Toplumumuz genellikle bunu dile getirmese de hep Kabil’in tarafında olmuştur.
Tarafımız hakikat;
Bu tarafa yönelenler kendini kandırma ve kendini ispat edememe durumuna düştükleri için beden ve ruhlarının hakikat içerisinde yüzdüklerini sanırlar. Kabil de bir sanrı ile başlamıştı hayatına; ta ki saman çöpünü kendine mabet edininceye dek…
Bu sanrıyı tanımada fayda olsa gerek. Yaratıcıya karşı ilk yüz çeviriş ile başlayan kendini beğenme, iman edepten ibarettir sırrına vakıf olamama, cimrilik (kalbin cimri olması söz konusu), haset ve dünyaya meylediş bu sanrının ilk açık ifadeleridir. Dünyaya, dünyanın hali nedir sorusunun cevabını değil de dünyada bizim halimiz nedir sorusuna cevap verme bahtiyarlığına erenler Habil ile Kabil arası bocalamaya başlayanlardır ve bu durumda umut vardır.

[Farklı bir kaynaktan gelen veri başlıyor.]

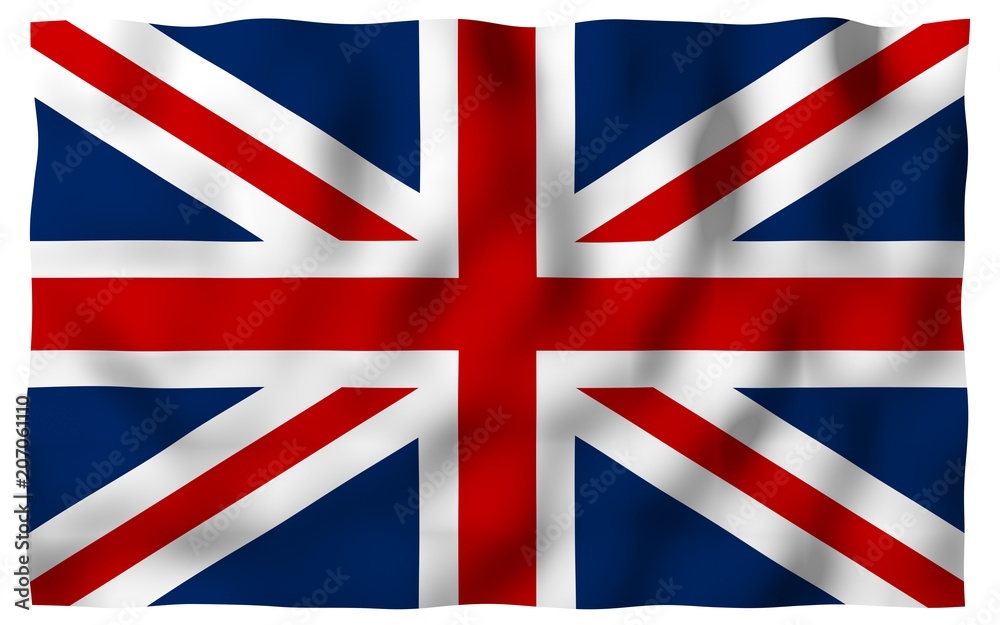 Waving flag of the Great Britain. British flag. United Kingdom of Great Britain and Northern Ireland. State symbol of the UK Waving flag of the Great Britain. British flag. United Kingdom of Great Britain and Northern Ireland. State symbol of the UK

İyi ile kötü, şeytan ile melek, hakikat ve hurafe ve Habil ile kabil mutlak birine yönelip bir süreç işlenmek zorundadır. Bir dere düşünelim; bunun tam ortasında akıntıya doğru yüzmek o furyaya meydan okumaktır. Akıntıya kapılmak ise; her ne kadar kendilerini tatmin etseler de (söyledikleri cümlelere geceleri kendilerinin dahi inanmadıkları…) burada kaybediş vardır. Burada yoksunluk, burada düşüş, burada kaos (kaos gazlama anlamına gelir ki kişinin kendi nefsini okşaması söz konudur ve kargaşa) vardır. Burası neresi? Habil ile Kabil? Ya da şeytan ile melek?
Hz. Âdem duruşun remzidir. İlk insan; bir yaşantının ve bir yaşamın resmidir. Habil masumdur. Yeni doğan bir bebek kadar ya da dilinden dualar eksik olmayan yaşlı bir amca kadar… Habil omuzdur; bu uzuv insanı yücelten bir basamak ve insanı insan eden bir anlayıştır. Habil ile Kerbela’da şehit düşen zulme alkış etmeyen Hz. Hüseyin aynı saftadır.
Durumu biraz daha karmaşık hale getiren düzenbaz düzenciler insanların ahlak algılarını değiştirip odalarının girişindeki sıfatlara sığınırlar. Uygun olmayan bir durum varsa yaşantı ve yaşamlarının paralelliğini tutturamayanlardır. Bu ikircikli bir hayatı tercih edip sürekli tereddütlere kucak açmak anlamına gelir.
İnsan zayıftır, insan acelecidir, insan unutandır…
Sözlerimizde de ikircikli ifadeler varken kim hangi tarafta olduğunu net olarak söyleyebilir?